The splitapppathx disassembles the following parts:

splitapppathx("file:c:/path/to/file") => ('file:', '', 'c:', '/path/to/file')

splitapppathx("file:///c:/path/to/file") => ('file:', '', 'c:', '/path/to/file')

URI/URL/URN

The general base specification of a URI/URL/URN is provided by

  • Uniform Resource Identifier - URI: Generic Syntax [RFC3986]

See also

  1. Introduction [RFC3986]

A Uniform Resource Identifier (URI) provides a simple and extensible means for identifying a resource. This specification of URI syntax and semantics is derived from concepts introduced by the World Wide Web global information initiative, whose use of these identifiers dates from 1990 and is described in “Universal Resource Identifiers in WWW” [RFC1630]. The syntax is designed to meet the recommendations laid out in “Functional Recommendations for Internet Resource Locators” [RFC1736] and “Functional Requirements for Uniform Resource Names” [RFC1737].

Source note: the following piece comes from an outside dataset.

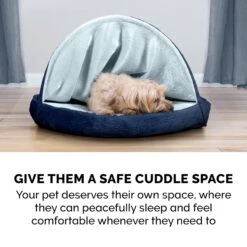 FurHaven Microvelvet Snuggery Orthopedic Cat & Dog Bed With Removable Cover -Dog Supplies Shop 145029 PT6. AC SS1800 V1693937653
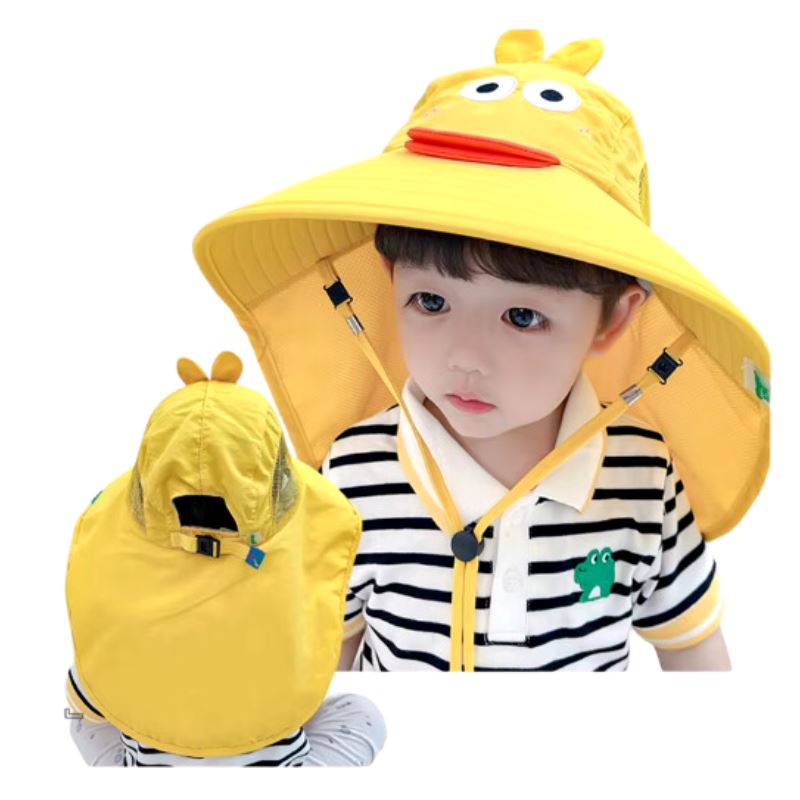 Boné Tapa-sol Infantil Bambino Boné Tapa-sol Infantil Bambino Loja do Bambino Amarelo Tamanho Único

This document obsoletes [RFC2396], which merged “Uniform Resource Locators” [RFC1738] and “Relative Uniform Resource Locators” [RFC1808] in order to define a single, generic syntax for all URIs. It obsoletes [RFC2732], which introduced syntax for an IPv6 address. It excludes portions of RFC 1738 that defined the specific syntax of individual URI schemes; those portions will be updated as separate documents. The process for registration of new URI schemes is defined separately by [BCP35]. Advice for designers of new URI schemes can be found in [RFC2718]. All significant changes from RFC 2396 are noted in Appendix D.

This specification uses the terms “character” and “coded character set” in accordance with the definitions provided in [BCP19], and “character encoding” in place of what [BCP19] refers to as a “charset”.

See also

1.1. Overview of URIs

URIs are characterized as follows:

Uniform

Uniformity provides several benefits. It allows different types of resource identifiers to be used in the same context, even when the mechanisms used to access those resources may differ. It allows uniform semantic interpretation of common syntactic conventions across different types of resource identifiers. It allows introduction of new types of resource identifiers without interfering with the way that existing identifiers are used. It allows the identifiers to be reused in many different contexts, thus permitting new applications or protocols to leverage a pre existing, large, and widely used set of resource identifiers.

Resource

This specification does not limit the scope of what might be a resource; rather, the term “resource” is used in a general sense for whatever might be identified by a URI. Familiar examples include an electronic document, an image, a source of information with a consistent purpose (e.g., “today’s weather report for Los Angeles”), a service (e.g., an HTTP-to-SMS gateway), and a collection of other resources. A resource is not necessarily accessible via the Internet; e.g., human beings, corporations, and bound books in a library can also be resources. Likewise, abstract concepts can be resources, such as the operators and operands of a mathematical equation, the types of a relationship (e.g., “parent” or “employee”), or numeric values (e.g., zero, one, and infinity).

Identifier

An identifier embodies the information required to distinguish what is being identified from all other things within its scope of identification. Our use of the terms “identify” and “identifying” refer to this purpose of distinguishing one resource from all other resources, regardless of how that purpose is accomplished (e.g., by name, address, or context). These terms should not be mistaken as an assumption that an identifier defines or embodies the identity of what is referenced, though that may be the case for some identifiers. Nor should it be assumed that a system using URIs will access the resource identified: in many cases, URIs are used to denote resources without any intention that they be accessed. Likewise, the “one” resource identified might not be singular in nature (e.g., a resource might be a named set or a mapping that varies over time).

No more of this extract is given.